PROBLEM TO SOLVE
Output, exactly and in full, only the lines from the one containing "P(j) will be" to the last line of the data. Pictures should not appear.

====

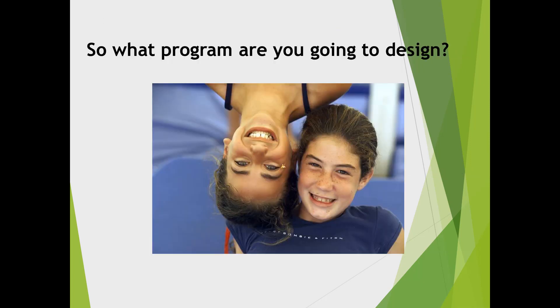As I wrap up today's lecture with the following question: what program are you going to design? Thanks for listening, and I'll see you in the next lecture.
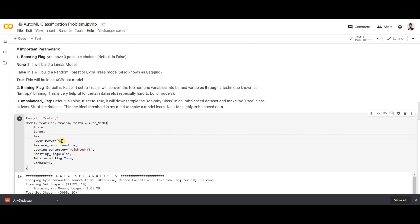The next parameter is 'feature_reduction'. If it is set to True, any feature that is not important for building the model will be removed. If set to False, it will take all features in the dataset to build the model. I have set this parameter to True to remove non-significant features from the dataset.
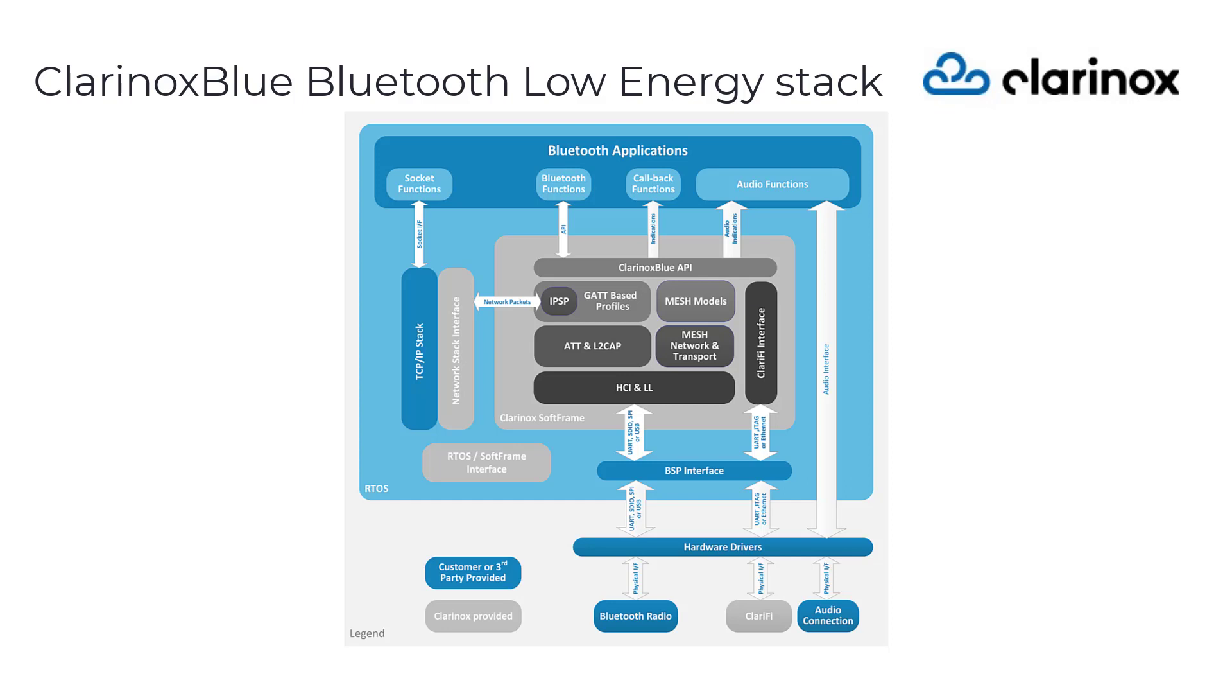The API architecture exposes a single callback function to notify all local device and remote devices events such as connection establishment, disconnect, pairing, data length extensions, etc.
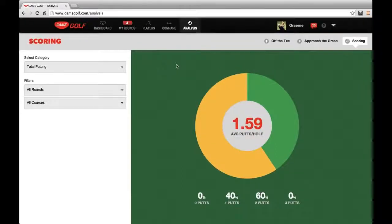Lastly, on the left, we have the same filters as on the other two tabs where you can drill into any particular round or any particular course. That's it — we hope you like the new features, and if you have any feedback, please email us at support@GameYourGame.com.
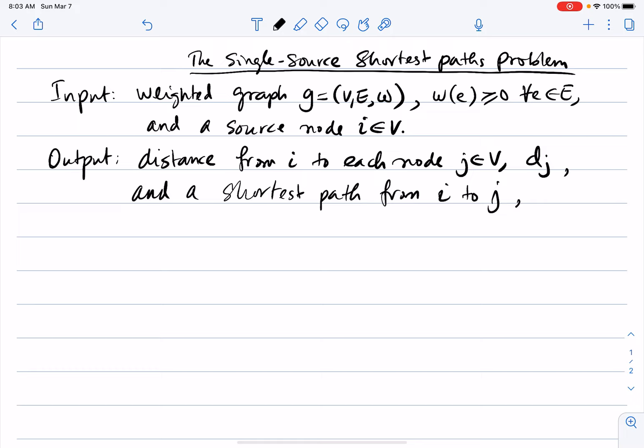P(j) will be the parent of j — the node from which we arrive at j when we travel from i to j. So we are given a weighted graph with non-negative weights and a source node i. We want to find, from i to every other node, what's the distance. The distance is the weight of the shortest path, which is a path such that the sum of the weights is minimum over all possible paths.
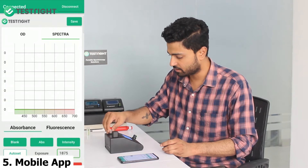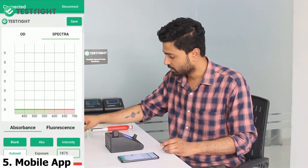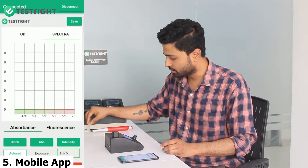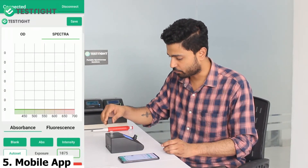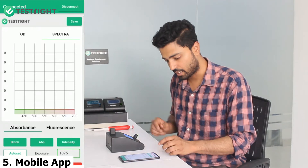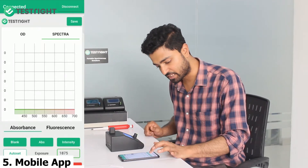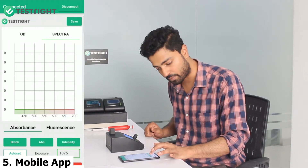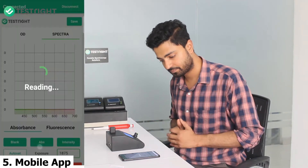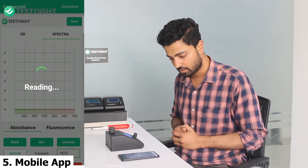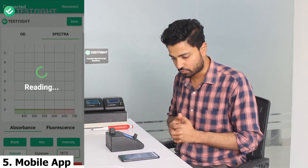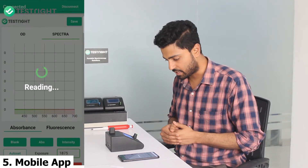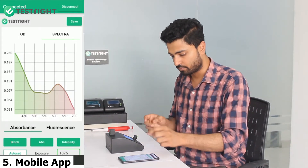Now we take the sample in the cuvette, put it in, and click on the ABS button to take the absorbance. We wait for two seconds and there you are.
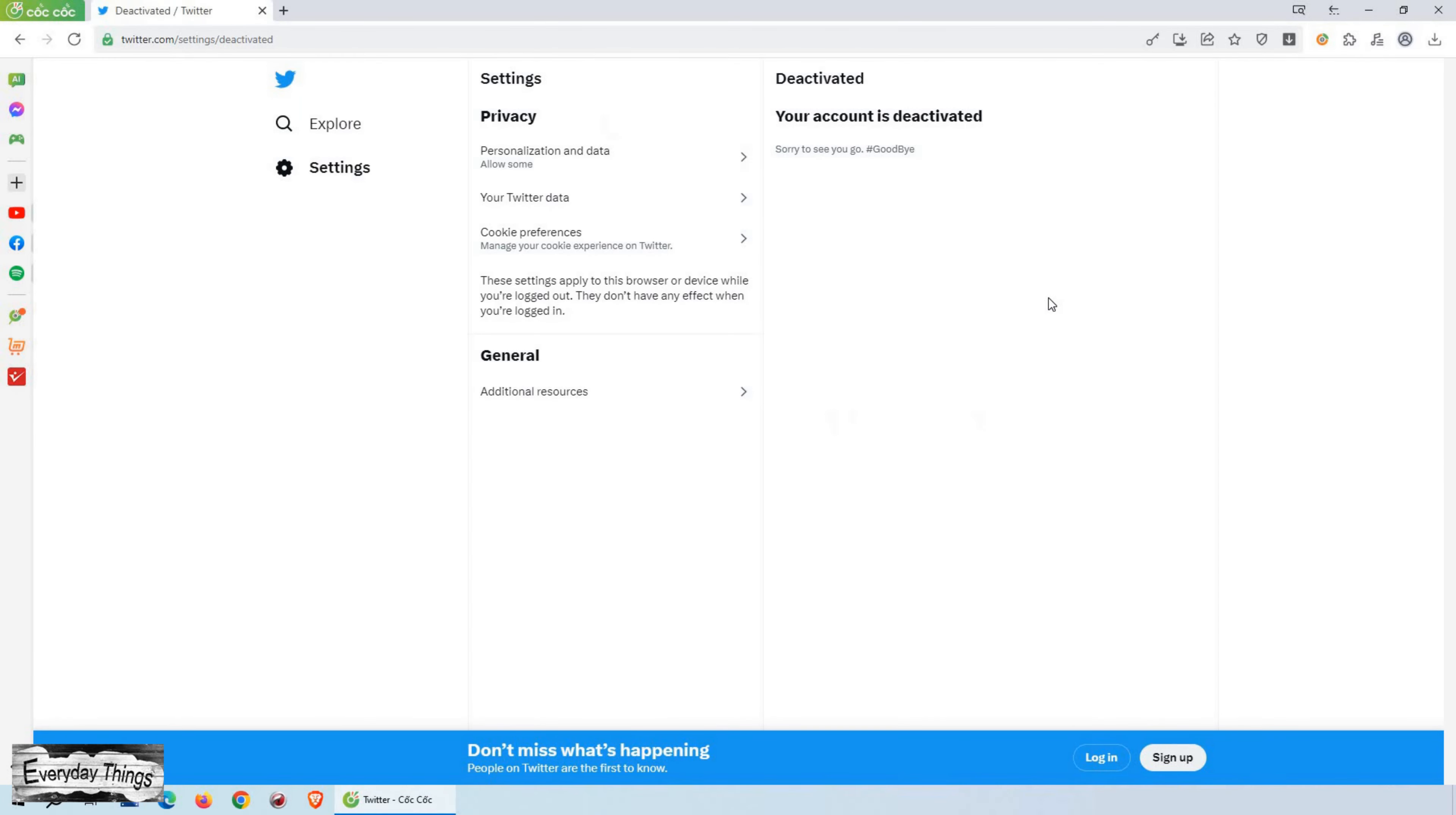That's it. Your Twitter account is now deactivated. Keep in mind that if you don't log in again within the next 30 days, your account will be permanently deleted.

====

EXERCISE RESULT
P(j) will be the parent of j — the node from which we arrive at j when we travel from i to j. So we are given a weighted graph with non-negative weights and a source node i. We want to find, from i to every other node, what's the distance. The distance is the weight of the shortest path, which is a path such that the sum of the weights is minimum over all possible paths.
Now we take the sample in the cuvette, put it in, and click on the ABS button to take the absorbance. We wait for two seconds and there you are.
That's it. Your Twitter account is now deactivated. Keep in mind that if you don't log in again within the next 30 days, your account will be permanently deleted.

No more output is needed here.